Let’s take a moment to hear their names, and if you will bear with me because it is not easy listening, a little bit about them.  I’m not going to read out every story, I’m going to share just four stories in the briefest of details, it’s upsetting anad it’s shocking but please bear with me.  Let’s take a moment to honour them.

 

Women like Katy Harris, 44, who died at the hands of her husband at home in Derbyshire in February 2022. 

Lesma Jackson, 84, who was found with a number of injuries at her home in Enfield.  She died shortly afterwards, her son has been charged with her murder.

Ashley Wadsworth, 19, who was found stabbed to death at her boyfriend’s home in Chelmsford.  She was visiting from Canada.

Marena Shaban, 41, who was stabbed multiple times at the entrance to her home in Birmingham by a man known to her family.

 

Going back to the beginning of this year, some other names you probably never heard of, all women killed by men known to them.

Mandeep Singh, Angela Tarver, Valerie Richardson, Mihrican Mustapha, Sammy-lee Lodwig, Denise Keene-Simmons

 

These women’s deaths all took place in or before March this year. We are still waiting for an up to date list of names of women killed by men this year until the beginning of April, and we will read out those names at our next vigil on May.

 

A terrible, gutwrenching litany of names and stories.  And again, it is down to the work of Karen Inghala Smith and others like her that we are able to share these stories and mention these women’s names to you tonight.  Because their deaths were not reported at national level, their murders were not deemed to have more than passing local interest. 

 

There are some tough questions here, and we must keep asking them.  Is it really that these women, named and nameless, don’t matter?  Are we as a society so ashamed, so appalled at the dreadful regularity of these murders of women by men that we prefer to sweep them under the carpet and disguise them as ‘one off incidents’ by individuals in the domestic setting and therefore to be disregarded, nothing to do with the rest of us, just ‘not a thing’ in news terms? 

 

No.  Let’s join up the dots. 

 

Because violence againsat women is not a one-off, occasional incident that attracts national press interest every once in a while. 
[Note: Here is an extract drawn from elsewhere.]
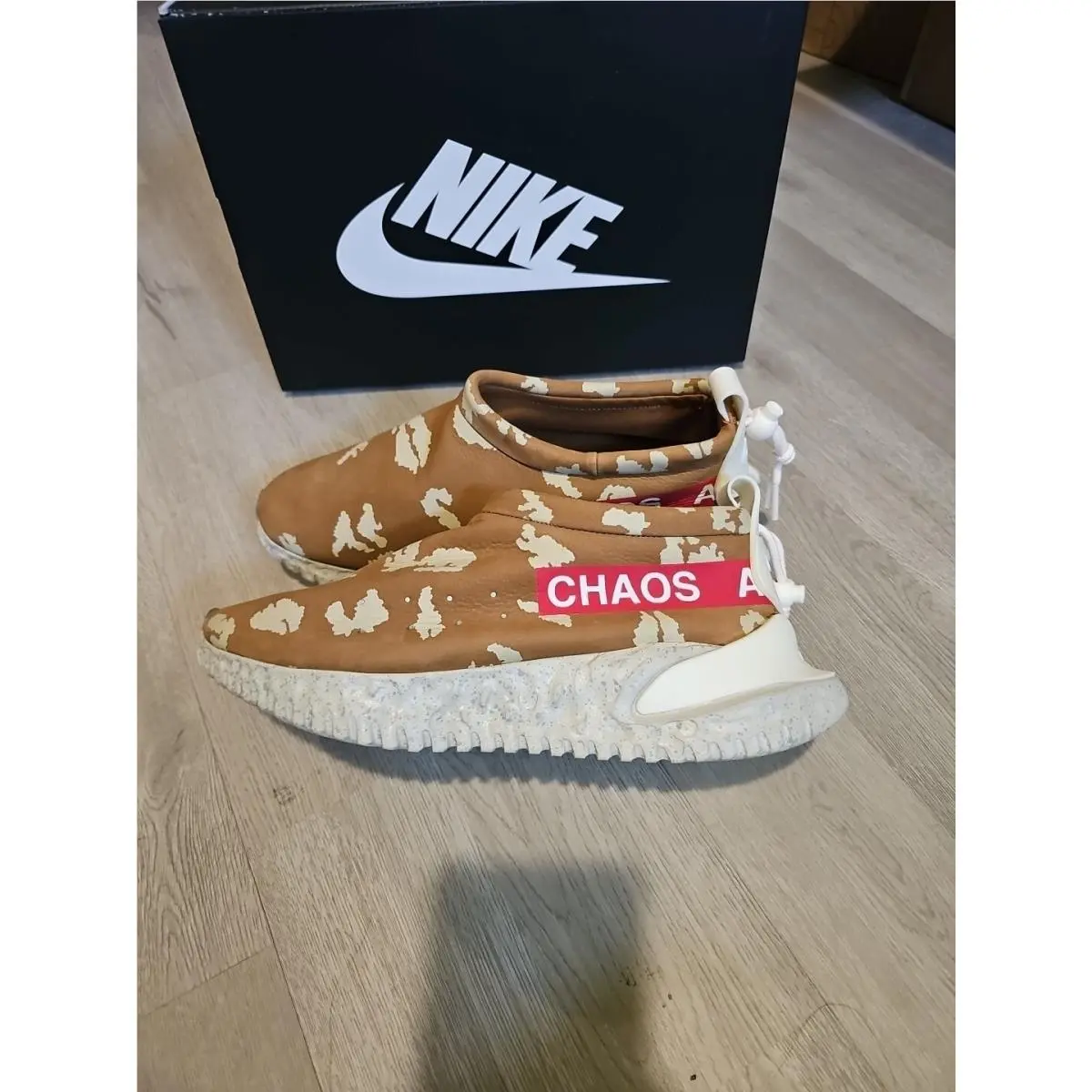 Size 10 - Nike Moc Flow Sp - ale brown/red-white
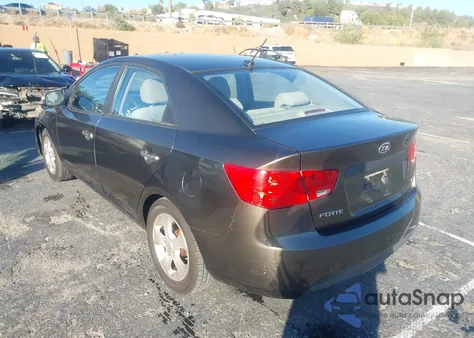 2010 Kia Forte Ex z USA, uszkodzony, nr VIN KNAFU4A22A5141627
It has been described as – not a phrase we can use lightly –a social epidemic on a national scale.

 

We gather here every month to remember ALL of the women who have been killed by men,

and we will keep doing that until there is no longer any reason to meet here every month.  How we long for that day.

 

 

 

In the words of karen Inghala Smith:

Men’s violence against women and girls is ...not reducible simply to individual acts perpetrated by individual men.  It is supported and normalised by institutions, embedded attitudes, social norms and values.
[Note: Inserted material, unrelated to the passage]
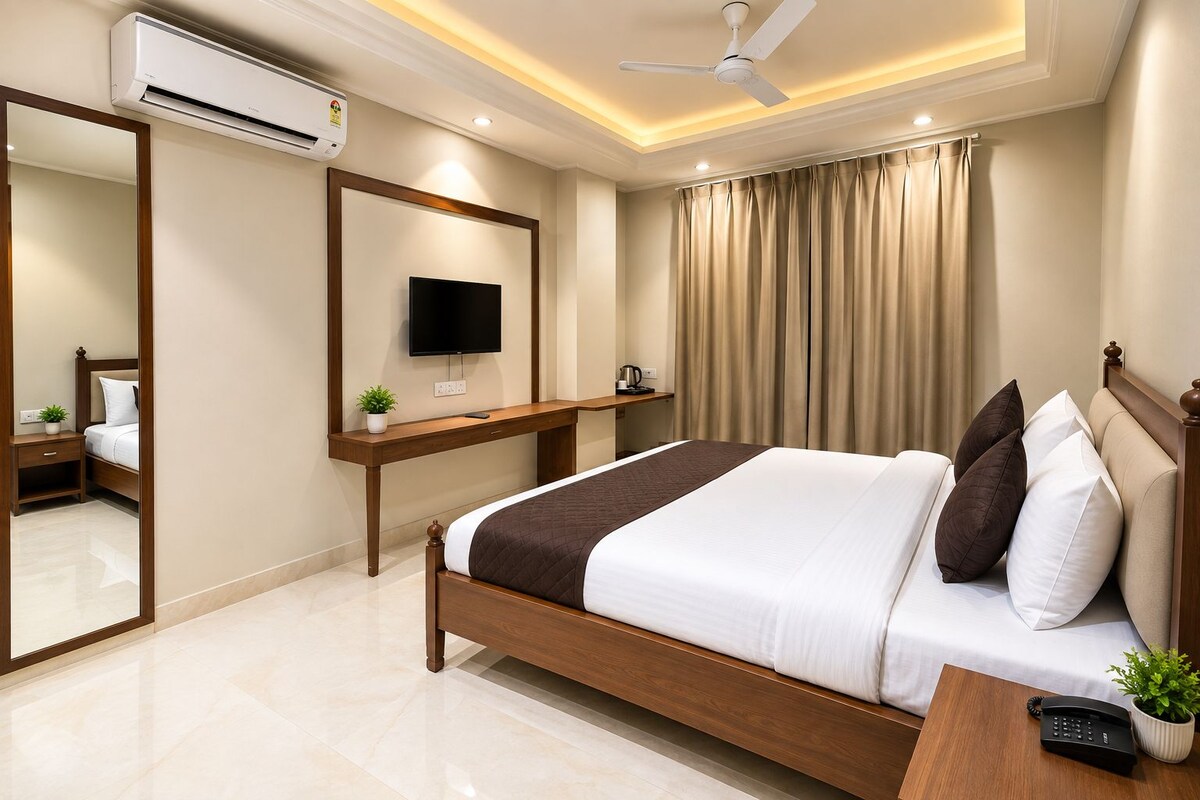 Classic Double Room | In-room safe, desk, laptop workspace, soundproofing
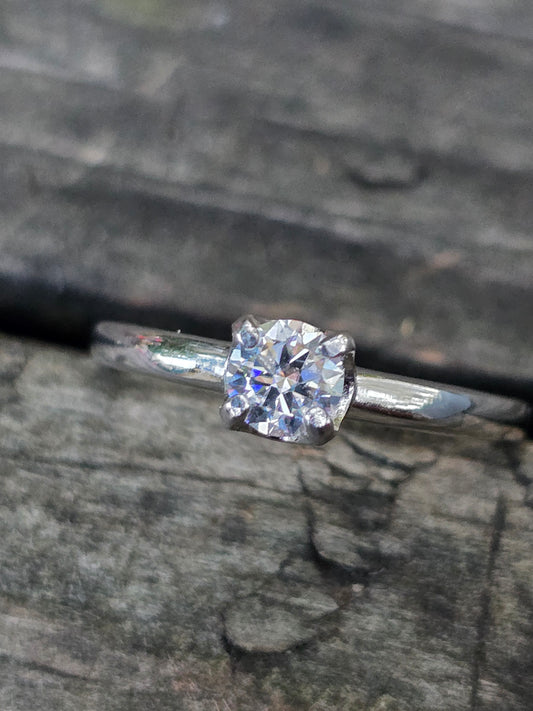 Size 8 moissanite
What can you do? Talk about it.  Make politicians know you care. Make politicians know that men’s violence against women is an issue that could lose them votes. Make sure that every woman counts.

 

How can you do that?  Richmond Council has achieved White Ribbon status – showing its commitment as an organisation to end male violence against women, taking actions within the local community to achieve that.  follow that campaign, keep the pressure on, make it meaningful.  We have local council elections coming up – make this an issue you care about enough to call politicians to account on it, to push them until they stand by their promises.  Come to our vigil.  Look at Karen’s blog, look at the Femicide Census, inform yourself, tell your friends.

 

Femicide can be ended.  If we care enough, if we shout enough, and keep shouting, never stop until there are no more Sarahs, Sabinas, Katies, Mandeeps, Lesmas, Ashleys, Marinas -  ever again.

 

Thank you for coming and please stay and have a chat if you would like to know about this vigil, what the council is doing, what WEP is doing, what you can do to stop the epidemic of male violence against women.  Goodnight.